State management with Angular Signals
Update July 2024: For the latest and greatest on state management, please check this article: Modern Angular State Management with Signals
Some history
I have been focused on making Angular State Management easier and developer friendly for years now. Some of the problems I was trying to fix were:
- Maintaining consistency
- Avoiding boilerplate code
- Avoiding complexity
- Avoiding dependency hell between all different kinds of states
- Avoiding learning all the ins and outs of RxJS (Subjects, Schedulers, Multicasting, Error handling, …)
- Dealing with colleagues their RxJS code or code that I had written myself 6 months ago
A while ago I published an article about Angular State Management Best Practices that can be wrapped up in:
- Keep it simple, stupid.
- Don’t manage state you shouldn’t manage.

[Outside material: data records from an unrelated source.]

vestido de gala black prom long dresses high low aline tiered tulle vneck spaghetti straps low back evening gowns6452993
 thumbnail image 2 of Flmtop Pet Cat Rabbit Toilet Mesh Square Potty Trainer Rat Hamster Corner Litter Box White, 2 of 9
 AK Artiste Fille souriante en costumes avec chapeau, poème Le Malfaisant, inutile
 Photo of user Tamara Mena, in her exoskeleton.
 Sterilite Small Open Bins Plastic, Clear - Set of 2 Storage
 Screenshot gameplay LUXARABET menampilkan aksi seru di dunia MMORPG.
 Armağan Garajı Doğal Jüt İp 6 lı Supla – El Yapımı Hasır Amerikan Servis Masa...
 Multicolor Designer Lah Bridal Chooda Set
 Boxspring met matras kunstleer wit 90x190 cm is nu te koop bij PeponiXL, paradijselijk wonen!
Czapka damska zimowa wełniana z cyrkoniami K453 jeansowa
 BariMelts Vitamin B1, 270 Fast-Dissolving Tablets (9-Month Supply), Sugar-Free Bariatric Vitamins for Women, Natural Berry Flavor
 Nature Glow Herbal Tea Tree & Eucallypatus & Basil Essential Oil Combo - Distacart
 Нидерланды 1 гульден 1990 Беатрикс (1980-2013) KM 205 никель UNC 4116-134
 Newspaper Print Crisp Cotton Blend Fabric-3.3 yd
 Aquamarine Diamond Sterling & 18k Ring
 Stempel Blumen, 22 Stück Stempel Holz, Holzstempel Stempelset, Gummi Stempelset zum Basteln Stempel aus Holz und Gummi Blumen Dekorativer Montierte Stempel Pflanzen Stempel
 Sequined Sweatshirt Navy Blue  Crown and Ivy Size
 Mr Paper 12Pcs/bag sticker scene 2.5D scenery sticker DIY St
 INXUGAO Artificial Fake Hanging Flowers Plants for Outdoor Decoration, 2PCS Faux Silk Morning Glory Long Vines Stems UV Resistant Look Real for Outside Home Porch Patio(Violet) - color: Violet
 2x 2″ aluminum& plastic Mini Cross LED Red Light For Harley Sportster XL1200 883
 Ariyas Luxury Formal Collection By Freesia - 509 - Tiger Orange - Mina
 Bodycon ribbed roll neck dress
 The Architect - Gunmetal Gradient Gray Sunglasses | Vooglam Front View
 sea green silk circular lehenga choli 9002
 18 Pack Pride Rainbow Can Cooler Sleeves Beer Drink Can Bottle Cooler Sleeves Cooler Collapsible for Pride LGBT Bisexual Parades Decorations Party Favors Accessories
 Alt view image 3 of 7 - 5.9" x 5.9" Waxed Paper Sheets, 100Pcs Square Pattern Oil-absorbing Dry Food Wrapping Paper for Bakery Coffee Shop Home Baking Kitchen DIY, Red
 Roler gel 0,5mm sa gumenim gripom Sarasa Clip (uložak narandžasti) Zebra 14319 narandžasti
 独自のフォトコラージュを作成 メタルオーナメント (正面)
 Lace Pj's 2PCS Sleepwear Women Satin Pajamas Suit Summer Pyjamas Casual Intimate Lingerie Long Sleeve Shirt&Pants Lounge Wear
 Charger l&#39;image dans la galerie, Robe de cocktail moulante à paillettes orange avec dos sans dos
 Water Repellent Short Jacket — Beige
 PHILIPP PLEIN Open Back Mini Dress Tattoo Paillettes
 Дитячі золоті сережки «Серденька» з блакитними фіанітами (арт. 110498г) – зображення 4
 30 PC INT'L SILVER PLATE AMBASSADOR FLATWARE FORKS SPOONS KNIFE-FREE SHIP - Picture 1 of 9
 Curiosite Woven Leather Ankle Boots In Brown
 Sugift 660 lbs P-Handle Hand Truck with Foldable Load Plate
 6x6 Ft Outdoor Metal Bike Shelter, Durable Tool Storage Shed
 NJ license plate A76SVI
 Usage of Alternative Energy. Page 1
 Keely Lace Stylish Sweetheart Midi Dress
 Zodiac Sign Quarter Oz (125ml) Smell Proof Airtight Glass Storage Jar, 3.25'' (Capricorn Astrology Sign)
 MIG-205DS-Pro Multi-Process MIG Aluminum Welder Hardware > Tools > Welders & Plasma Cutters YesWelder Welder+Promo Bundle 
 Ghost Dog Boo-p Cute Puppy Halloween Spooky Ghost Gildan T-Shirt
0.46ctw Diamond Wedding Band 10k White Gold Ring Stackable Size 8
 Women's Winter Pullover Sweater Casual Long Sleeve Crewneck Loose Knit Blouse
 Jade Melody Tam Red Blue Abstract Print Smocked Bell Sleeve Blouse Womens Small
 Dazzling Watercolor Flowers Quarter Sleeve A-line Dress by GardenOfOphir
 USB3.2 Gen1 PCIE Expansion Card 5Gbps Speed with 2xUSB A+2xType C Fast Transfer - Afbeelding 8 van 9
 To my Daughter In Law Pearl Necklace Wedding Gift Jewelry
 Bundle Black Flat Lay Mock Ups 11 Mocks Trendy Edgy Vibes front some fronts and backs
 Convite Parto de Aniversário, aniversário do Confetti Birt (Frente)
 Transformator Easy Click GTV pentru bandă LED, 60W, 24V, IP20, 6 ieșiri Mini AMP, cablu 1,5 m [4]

- Keep your state as low as possible.
- Keep state synchronous.
- Always provide snapshots.
- Always provide the initial state.
- Use immutable data structures.
The first thing that we did was stop using state management frameworks to avoid boilerplate and complexity. We created Angular Injectable Services instead that used BehaviorSubjects behind the scenes because:
- They are reactive.
- They have an initial value.
- We can combine pieces of state with
combineLatest()
and create standalone state instances that were state management framework agnostic. - We could provide these instances on any component level, but also as a singleton with
provideIn: 'root'
. - It was simply a lot less code to write and maintain.
We didn’t have to write actions, action types, reducers, selectors, effects and more importantly, we didn’t have to maintain them.
This being said the BehaviorSubject service approach had some downsides too:
- They were brittle and unopinionated.
- We had to know RxJS extremely well.
- We had to worry about multicasting.
- We had to worry about unsubscribing from observables to avoid memory leaks.
- When using
combineLatest()
the observable could be triggered multiple times in one change-detection cycle if their source observables emitted at the same time. - Snapshots were only available in BehaviorSubjects, not in the calculated state.
- We couldn’t patch multiple BehaviorSubjects in one go.
ObservableState
To fix all these problems we created ObservableState. ObservableState is a <100 lines of code class that does not contain any complexity but solves a lot of issues for us:
- It abstracts RxJS complexity away.
- It unsubscribes for us.
- It handles multicasting for us.
- It exposes our state as an Observable.
- It exposes a snapshot of our state.
- It’s completely typesafe.
- We can just connect multiple observables at the same time with a
connect()
method. Takes care of multicasting, unsubscribing, etc… - It can be used for component state and global state.
- It’s tiny and easy to understand.
- we can still combine it with RxJS as much as we want.
- It’s junior-friendly.
- We can provide it on every level of the dependency injection tree.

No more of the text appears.